**Extracted records**

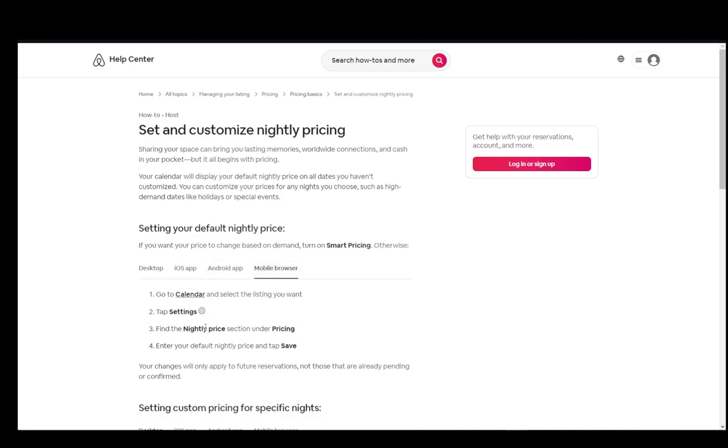On mobile browser, it is a bit different. As you can see, the instructions vary. You want to go to calendar and select the listing, tap settings, find the nightly price under pricing and enter the default nightly price and click save.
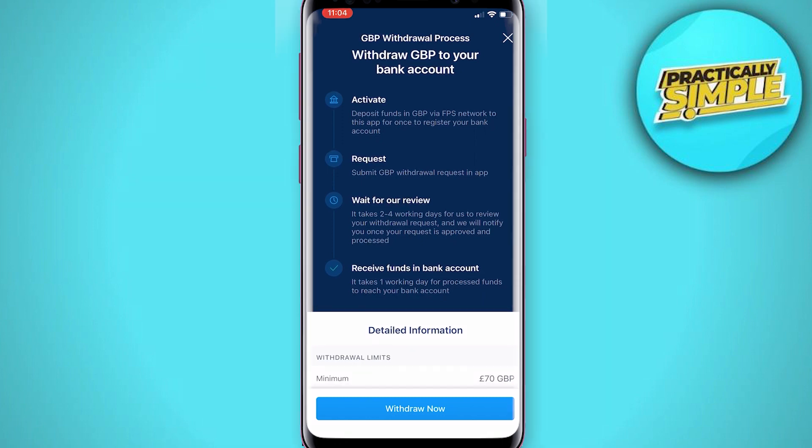One caveat and struggle that people sometimes have is that the withdrawal to GBP button does not appear, or in the fiat wallet there is no Great British Pound section or no Euro section. The reason for this is that you have to first set up your GBP or your local currency fiat wallet on crypto.com.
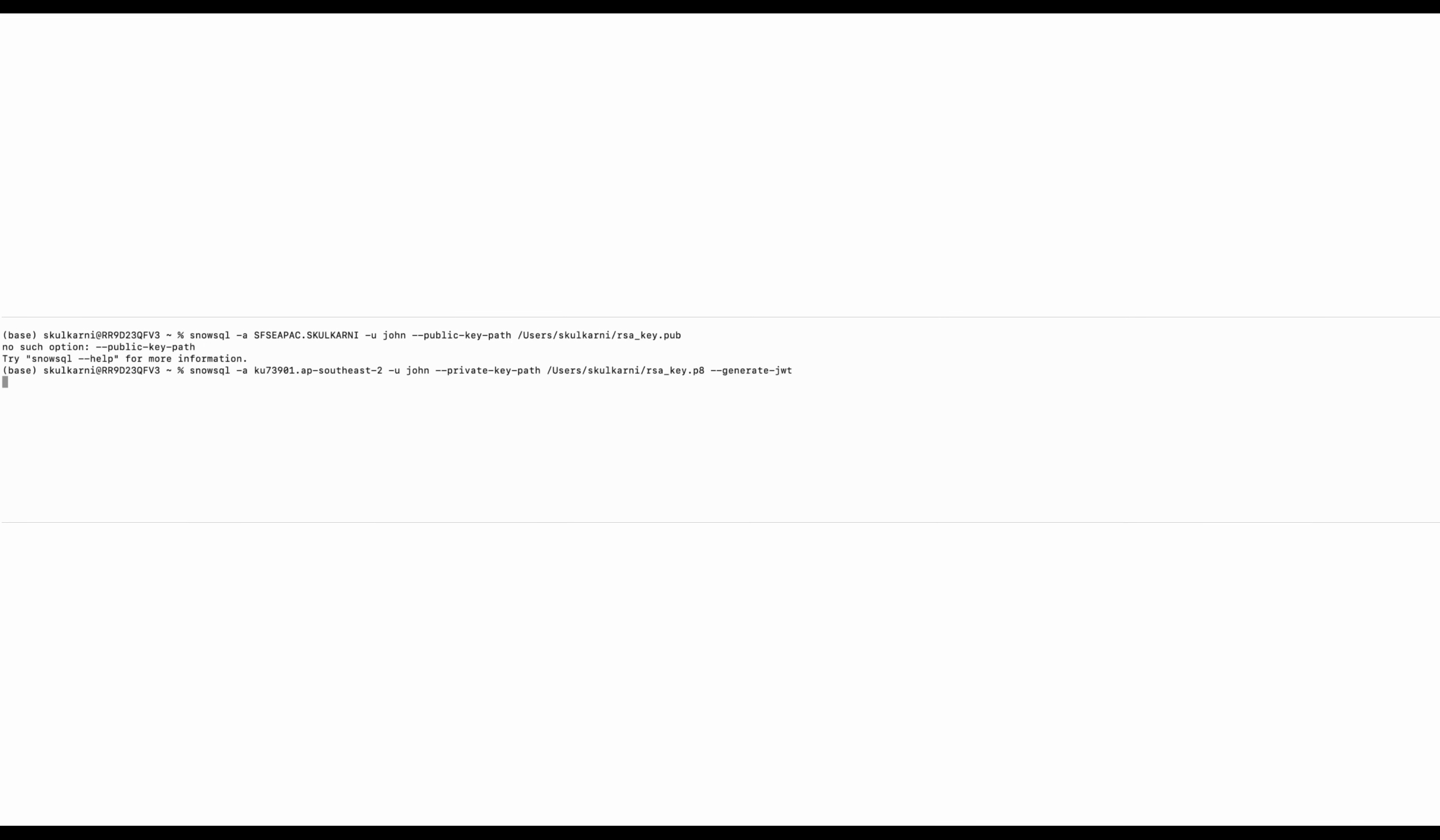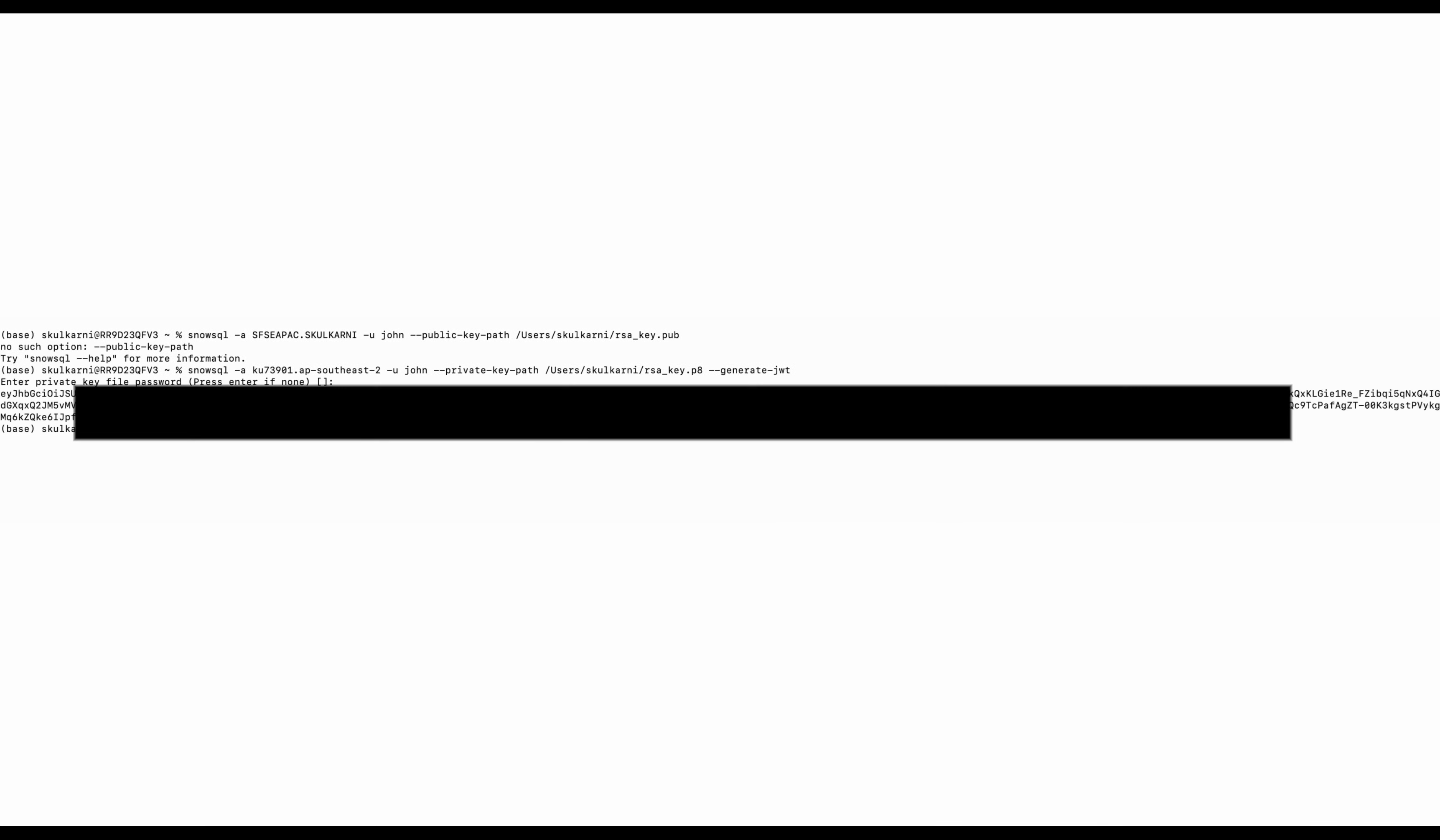Step three, generate a JWT also called as JSON Web Token.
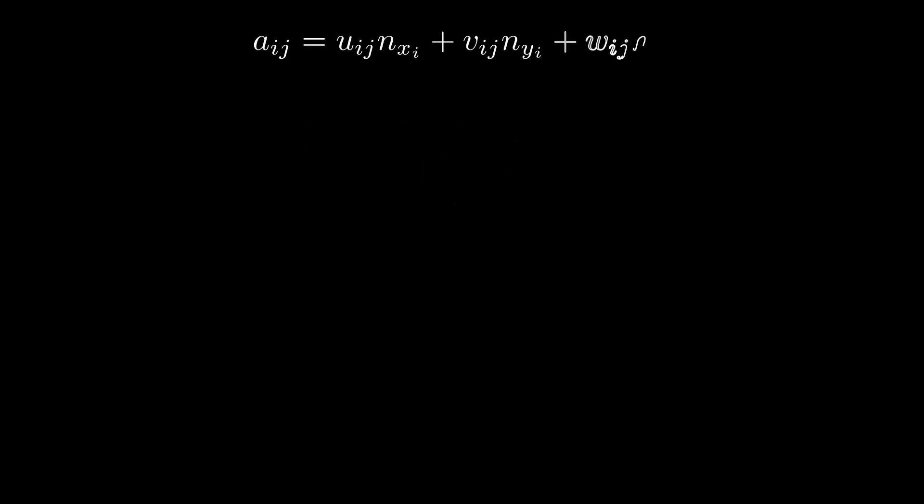This process is very similar to the process in my last video for the 2D case, only now there's a third dimension and more vortices. So we can start by setting up the A matrix now.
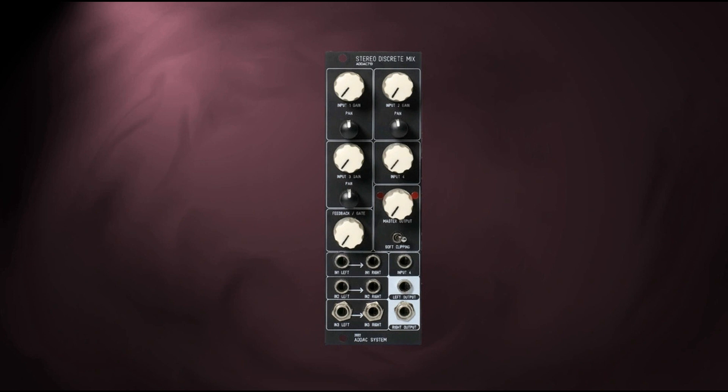However, during the development process, the module designers expanded on this initial idea, adding stereo inputs for the first three channels while keeping the fourth channel in mono.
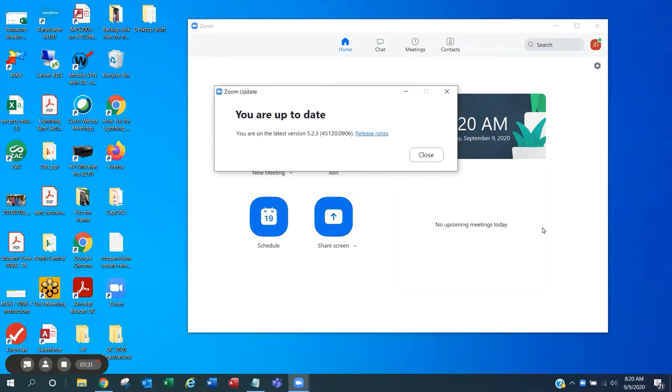If your Zoom app is up to date, you will see the window. You are up to date. Your device is now prepared for the Zoom webinar.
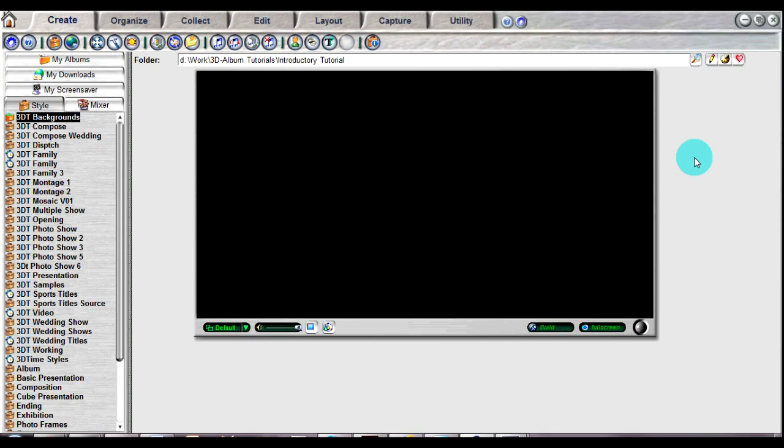To begin creating your photo presentation using 3D Album, open up your 3D Album program. It should already be at the Create tab.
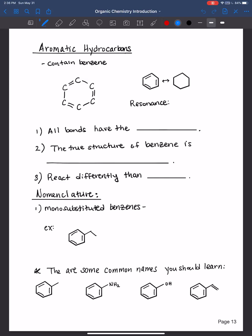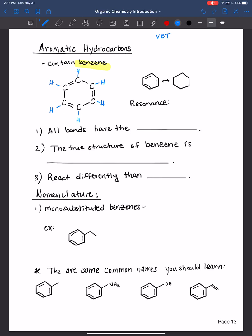Hi everyone, welcome back. In this video we will be learning about aromatic hydrocarbons. Aromatic hydrocarbons contain benzene, and benzene in its expanded structure form looks like this: six carbons in a ring with what appears to be alternating double and single bonds. Based on valence bond theory (VBT), you would have identified those carbons to be sp2 hybridized, with 120-degree bond angles and a trigonal planar geometry.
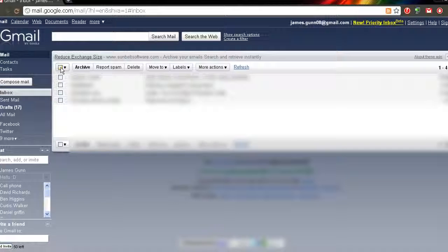And that's just a quick tutorial if you want to know how to archive, unarchive, and view your archived emails in Gmail. Comment, rate, and subscribe. Thanks, bye.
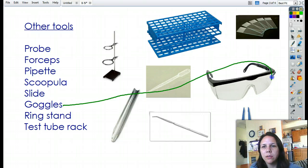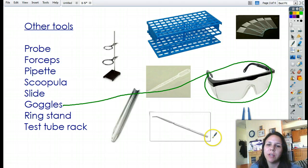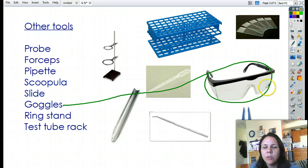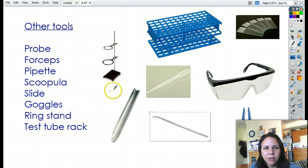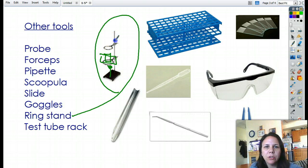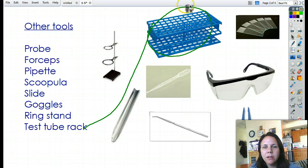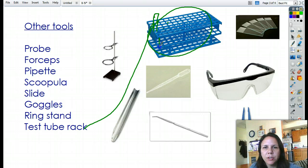Then we have goggles to protect our eyeballs from any chemicals that could ruin your vision for the rest of your life. Even though they look dorky, you'd rather look a little dorky now than be blind for the rest of your life. We have a ring stand — sometimes we put a Bunsen burner underneath and cook stuff on top like a beaker, and sometimes there's a little clamp that we can put test tubes in to hold on to. It's very versatile. And the test tube rack — you put your test tubes through the little holes and it holds them so they don't slide out and break.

**Problem to work on**
Only an exact copy is needed: the lines from the opening of the listing through the line with "One caveat and", both included, minus the pictures.

**Reply**
On mobile browser, it is a bit different. As you can see, the instructions vary. You want to go to calendar and select the listing, tap settings, find the nightly price under pricing and enter the default nightly price and click save.
One caveat and struggle that people sometimes have is that the withdrawal to GBP button does not appear, or in the fiat wallet there is no Great British Pound section or no Euro section. The reason for this is that you have to first set up your GBP or your local currency fiat wallet on crypto.com.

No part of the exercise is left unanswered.